Ways in Which Case Management Contains Costs
There are several ways in which medical case management helps prevent unnecessary medical costs associated with patients’ noncompliance with their treatment plans, worsening medical condition, and subsequent hospital readmissions. Here’s how:
– Social Determinants of Health – By considering social and socioeconomic determinants of health when providing care management, Case Managers understand that patients are affected by their social and economic circumstances (i.e., healthcare literacy, food insecurities, transportation challenges, family support or lack of, diminished financial resources, etc.).
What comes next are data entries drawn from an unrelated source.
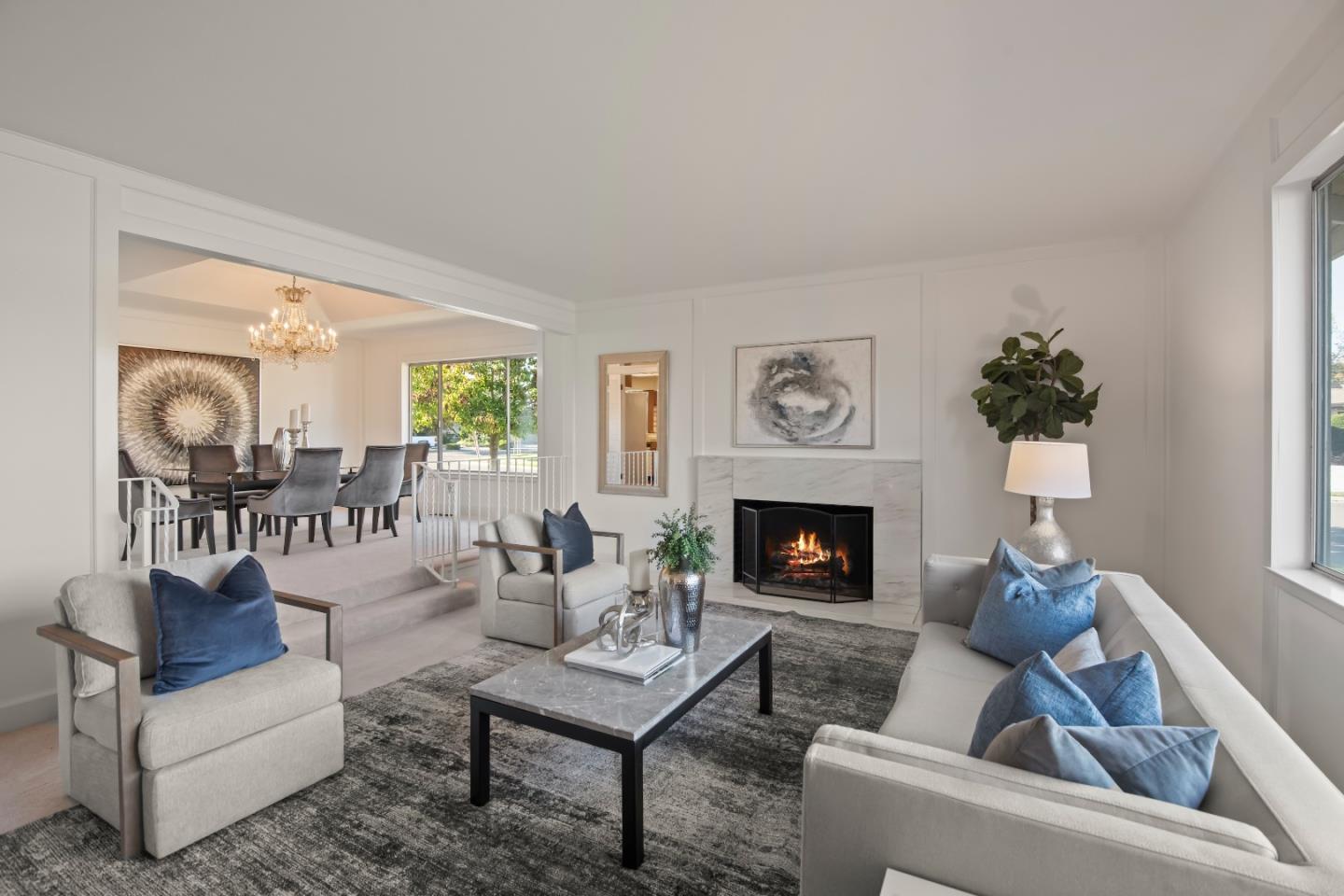 2139 Cedarwood Lane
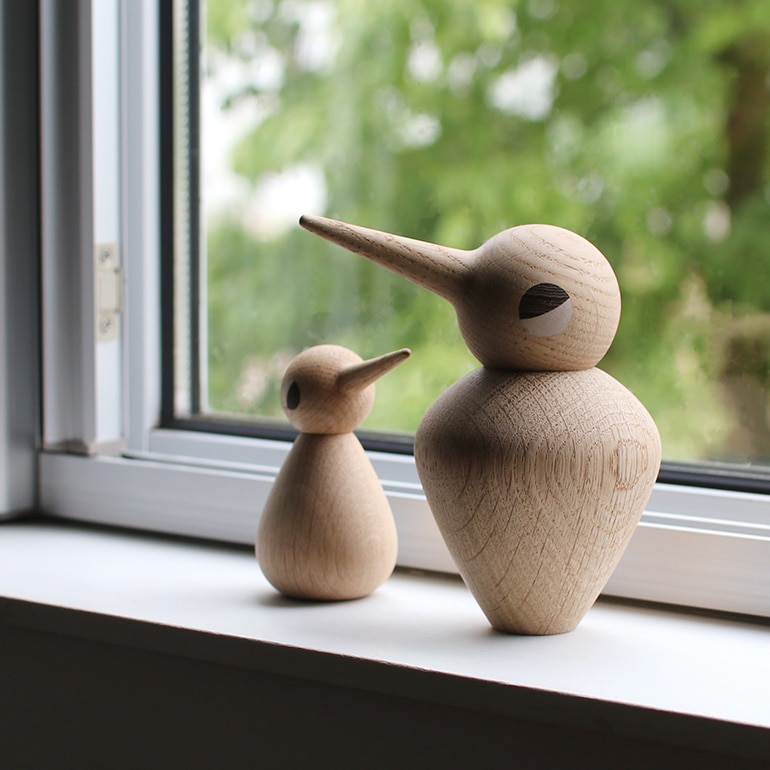 ARCHITECTMADE アーキテクトメイド ｜BIRD バード L 通販｜DUPON35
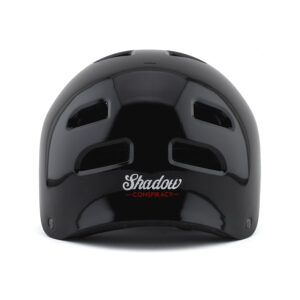 Casco Shadow Classic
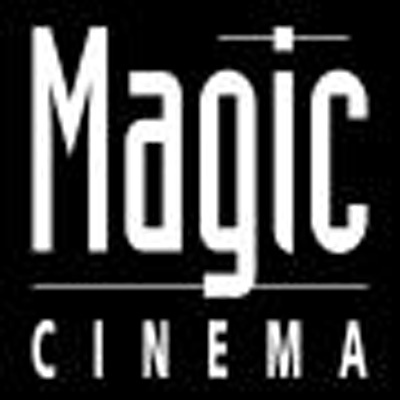 Le forum des rêves - logo_magic_hd_noir.jpg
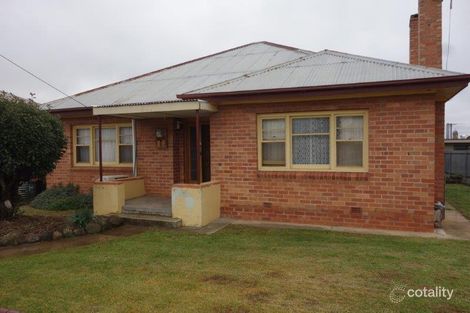 53 Gillies St, Maryborough, VIC 3465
Therefore, Case Managers are proactive in getting to know the “whole” patient and help address both the patients’ clinical needs, potential social needs and to identify resources for financial assistance. This helps promote a patient’s better adherence to their treatment plans and achieve better patient outcomes.
– Telehealth – By utilizing telehealth tools to maintain regular communications with patients. In enabling patients to communicate with their case manager more regularly using online telehealth platforms, Case Managers can address questions and needs more promptly and help prevent a small medical problem from escalating into a larger one; which may cause a patient to require an additional doctor’s visit or even a visit to the Emergency Department.
– Patient Advocacy – By serving as an informed patient advocate and liaison with other members of the patient’s care team, Case Managers facilitate more timely, accurate and regular communications regarding an individual patient, which, in turn, helps keep a strong focus on the patient’s medical condition.
– Complex Patients – By focusing on the most complex patients with co-morbidities, Case Managers bring both a level of disease control expertise, which also serves to improve the patient’s care and health, while reducing avoidable hospitalizations, which subsequently saves money. According to the U.S. Centers for Disease Control and Prevention, 60% of all adults have a chronic disease (e.g., Cancer, Cardiac Disease, Chronic Obstructive Pulmonary Disease, Diabetes, Hypertension, etc.) and 40% have two or more of these morbidities. These individuals also incur the highest medical costs.
Therefore, providing a strong patient advocate as a case manager to help manage complex patient care is critical for containing costs.
Measuring ROI
By considering factors of avoided hospital readmissions, reduced length of stay for those patients for whom readmission was unavoidable, preventing medical necessity denials, and promoting positive clinical outcomes by assuring a high quality of care, it is clear to see the ROI medical case management delivers.